**AIM OF THE TASK**
Print the records below exactly, starting at the first line and stopping after the line that contains "19 March 2021;". Leave out any pictures.

**ENTRIES PROVIDED**
##############################
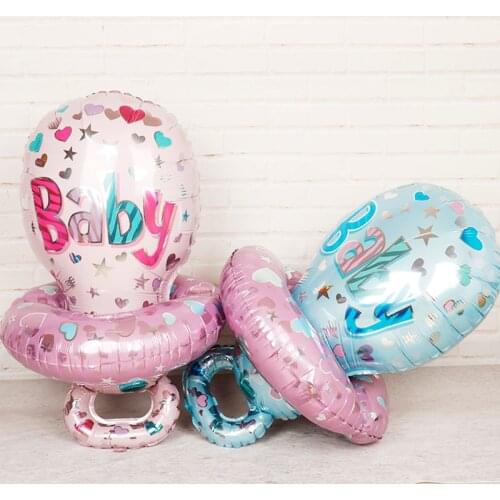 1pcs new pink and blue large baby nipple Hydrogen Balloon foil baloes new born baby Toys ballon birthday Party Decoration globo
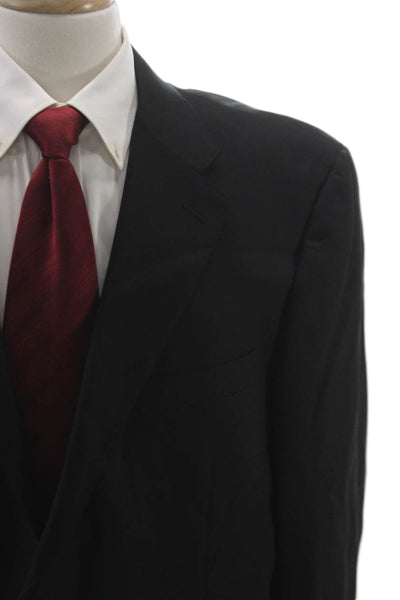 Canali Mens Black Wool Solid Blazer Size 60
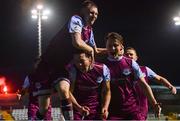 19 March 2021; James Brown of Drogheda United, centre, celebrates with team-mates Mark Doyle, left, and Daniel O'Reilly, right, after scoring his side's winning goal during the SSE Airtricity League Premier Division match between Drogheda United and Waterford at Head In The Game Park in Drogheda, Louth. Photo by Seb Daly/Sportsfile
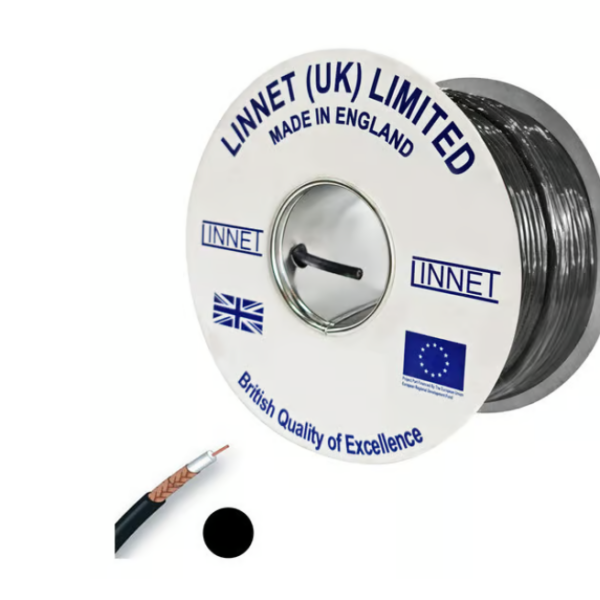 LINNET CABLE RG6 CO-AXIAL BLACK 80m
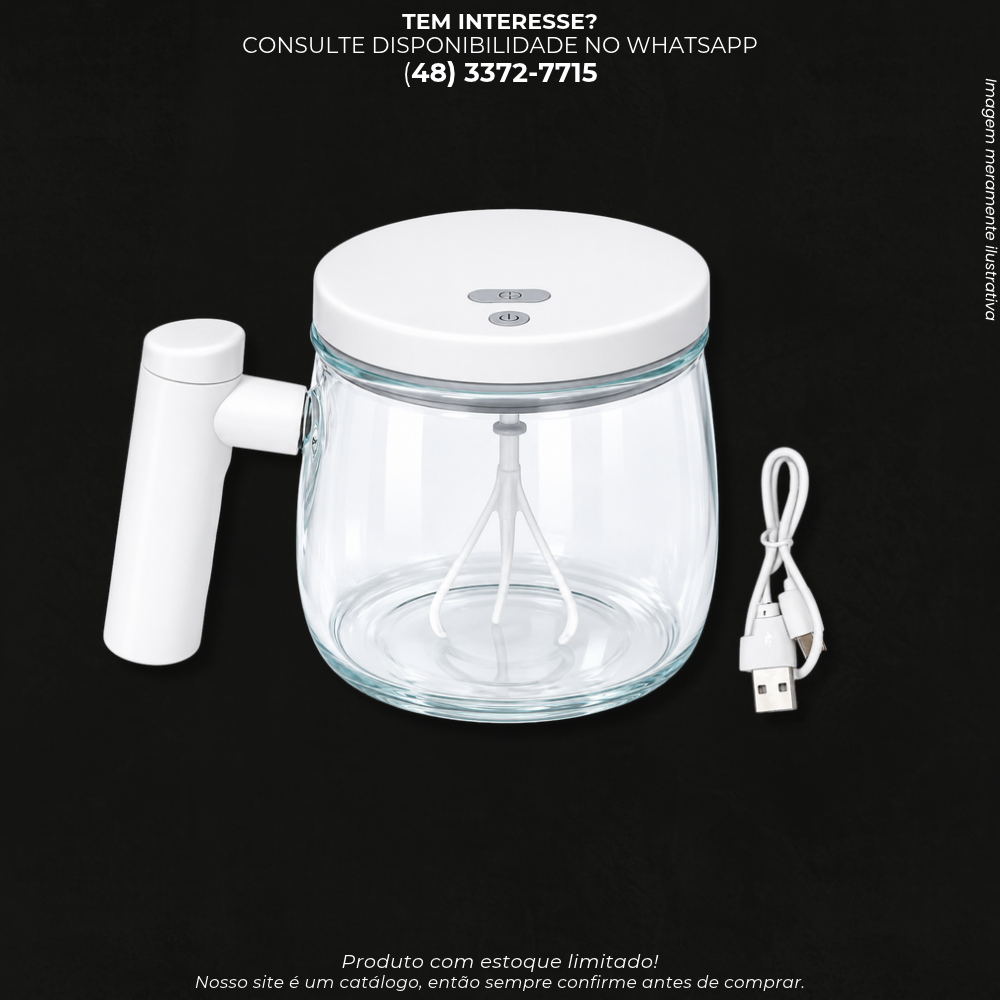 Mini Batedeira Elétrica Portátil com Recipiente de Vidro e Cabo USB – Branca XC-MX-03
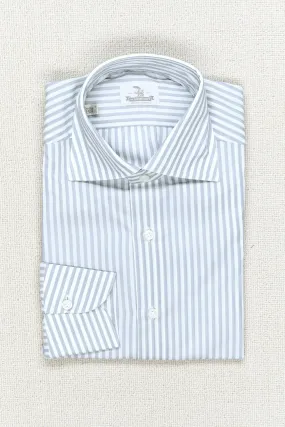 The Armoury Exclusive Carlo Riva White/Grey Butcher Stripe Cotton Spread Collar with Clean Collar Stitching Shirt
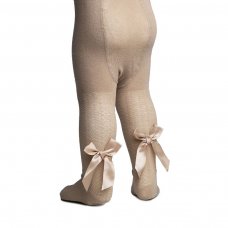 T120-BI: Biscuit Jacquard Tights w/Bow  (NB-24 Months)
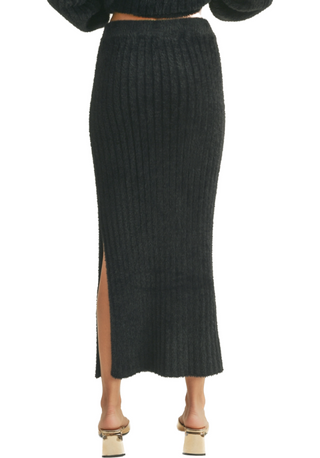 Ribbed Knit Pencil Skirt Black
##############################
**RESULT BELOW**
 1pcs new pink and blue large baby nipple Hydrogen Balloon foil baloes new born baby Toys ballon birthday Party Decoration globo
 Canali Mens Black Wool Solid Blazer Size 60
 19 March 2021; James Brown of Drogheda United, centre, celebrates with team-mates Mark Doyle, left, and Daniel O'Reilly, right, after scoring his side's winning goal during the SSE Airtricity League Premier Division match between Drogheda United and Waterford at Head In The Game Park in Drogheda, Louth. Photo by Seb Daly/Sportsfile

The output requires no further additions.